Mejor con menos: Aunque suene paradójico, así titula Joaquim Sampere, catedrático de la Universidad de Barcelona, un reciente libro suyo. Aguafiestas del consumismo, el académico defiende el racional modelo de vida que el Primer Mundo debía adoptar, antes de que el planeta, exhausto, nos pase la cuenta —si no ha empezado ya—, por tanto despilfarro en las alturas.
El mérito de Sampere es descifrar el alud que ya quita el sueño a muchos: está en foco rojo la sociedad de consumo, que ha maximizado las ganancias creando artificiales necesidades de sustituirlo todo constantemente, con la complicidad del avance tecnológico. Algo ancho y ajeno para quienes, desde el Sur, presencian el banquete apenas por rendijas.
Años atrás, el uruguayo Eduardo Galeano, con ese láser suyo para encapsular metafóricamente la esencia de los fenómenos, definió el drama como las «fugacidades» del «reino de lo efímero». «Las cosas fabricadas para durar mueren al nacer», sentenciaba para definir la volatilidad que tanta plata remueve. Allá van los consumidores a sustituirlo todo con el nuevo modelo de la misma marca. Para estar arriba... si pueden.

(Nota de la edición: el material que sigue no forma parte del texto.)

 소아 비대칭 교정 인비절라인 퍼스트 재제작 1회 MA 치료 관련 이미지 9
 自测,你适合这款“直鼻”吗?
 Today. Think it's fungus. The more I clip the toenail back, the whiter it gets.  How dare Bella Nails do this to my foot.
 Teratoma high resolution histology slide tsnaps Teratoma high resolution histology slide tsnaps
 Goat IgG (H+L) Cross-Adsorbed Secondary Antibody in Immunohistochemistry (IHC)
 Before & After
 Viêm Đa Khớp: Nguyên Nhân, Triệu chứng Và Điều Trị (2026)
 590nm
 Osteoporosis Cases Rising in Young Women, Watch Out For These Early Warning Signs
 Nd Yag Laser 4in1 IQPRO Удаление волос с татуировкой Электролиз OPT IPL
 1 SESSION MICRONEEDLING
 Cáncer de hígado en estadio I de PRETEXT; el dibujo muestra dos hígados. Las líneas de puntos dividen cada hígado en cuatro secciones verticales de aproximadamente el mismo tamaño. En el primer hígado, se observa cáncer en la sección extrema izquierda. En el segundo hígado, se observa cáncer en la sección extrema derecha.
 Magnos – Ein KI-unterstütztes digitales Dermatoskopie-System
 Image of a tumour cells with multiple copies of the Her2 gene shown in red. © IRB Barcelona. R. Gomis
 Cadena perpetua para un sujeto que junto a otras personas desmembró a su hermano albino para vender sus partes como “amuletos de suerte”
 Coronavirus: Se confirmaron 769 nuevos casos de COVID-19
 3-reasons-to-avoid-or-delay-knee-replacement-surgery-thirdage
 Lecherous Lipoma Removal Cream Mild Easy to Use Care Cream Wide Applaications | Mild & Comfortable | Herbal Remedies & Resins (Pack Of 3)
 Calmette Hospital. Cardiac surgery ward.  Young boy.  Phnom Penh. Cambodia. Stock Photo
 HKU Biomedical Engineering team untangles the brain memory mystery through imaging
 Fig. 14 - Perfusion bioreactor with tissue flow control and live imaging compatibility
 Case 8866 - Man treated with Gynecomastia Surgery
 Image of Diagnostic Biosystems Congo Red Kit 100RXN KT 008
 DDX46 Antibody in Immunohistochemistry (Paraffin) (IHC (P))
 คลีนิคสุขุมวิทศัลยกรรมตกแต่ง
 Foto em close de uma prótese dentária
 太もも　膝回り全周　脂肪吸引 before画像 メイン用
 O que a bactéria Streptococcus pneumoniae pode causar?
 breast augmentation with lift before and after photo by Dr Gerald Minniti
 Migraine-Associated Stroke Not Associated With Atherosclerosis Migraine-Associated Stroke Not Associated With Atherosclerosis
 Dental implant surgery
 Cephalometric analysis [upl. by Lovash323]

¿Qué diría allá en Jovellanos mi tía Raquel, quien conserva una lavadora norteamericana de los años 50, con rodillo para exprimir la ropa; y una jurásica licuadora Osterizer, con la cual sigue haciendo sus batidos? Obligados por carencias y dificultades, los cubanos sabemos qué es estirar un equipo: asombro causan esos «almendrones» aún flamantes en su carapacho, y en la mecánica una babel de tecnologías y épocas. Respeto para esas humildes familias, que aún lavan en las viejas Aurika, o intentan paliar el calor con los ventiladores Órbita, sobrevivientes de la debacle socialista.
No es volver atrás, porque la irrupción de modernos equipos en el hogar cubano ha traído bienestar, ya sea por la vía del comercio en divisas o por las sustituciones de la Revolución Energética. Pero ni un país como Cuba, que difiere del modelo consumista y mide la calidad de vida con otros raseros, se salva de las trampas de los fabricantes de este mundo loco, que domestican a los clientes con las fugaces tecnologías para seguirles sacando el dinero. Los electrodomésticos que se venden en nuestras tiendas, con tantos sacrificios para el bolsillo, una vez concluida la garantía, no tienen piezas de repuesto ni prácticamente talleres donde salvarlos.
Somos también rehenes del reciclaje malévolo. Y, sin embargo, este ha sido el país del ingenio y la inventiva, de aquel inolvidable Presilla que lo abandonó todo para echar a andar la planta de níquel norteamericana a pedido del Che; de tantos innovadores que siempre frenaron la carencia con sus neuronas.
Resignarnos a las «fugacidades» sería fatal. Debíamos aplicarnos a alargar la esperanza de vida de nuestros equipos, así como lo hacemos con las personas. Que en estos tiempos de poca plata y muchos problemas, haya servicios para salvar los trastos de cada familia, y al menos no nos angustien irremediablemente las preguntas del poeta cubano Roberto Manzano: «¿Qué se fizieron (hicieron) los ebanistas que levantaban aquellos muebles sólidos, aquellas mesas que atravesaban como barcos las aguas de los siglos?».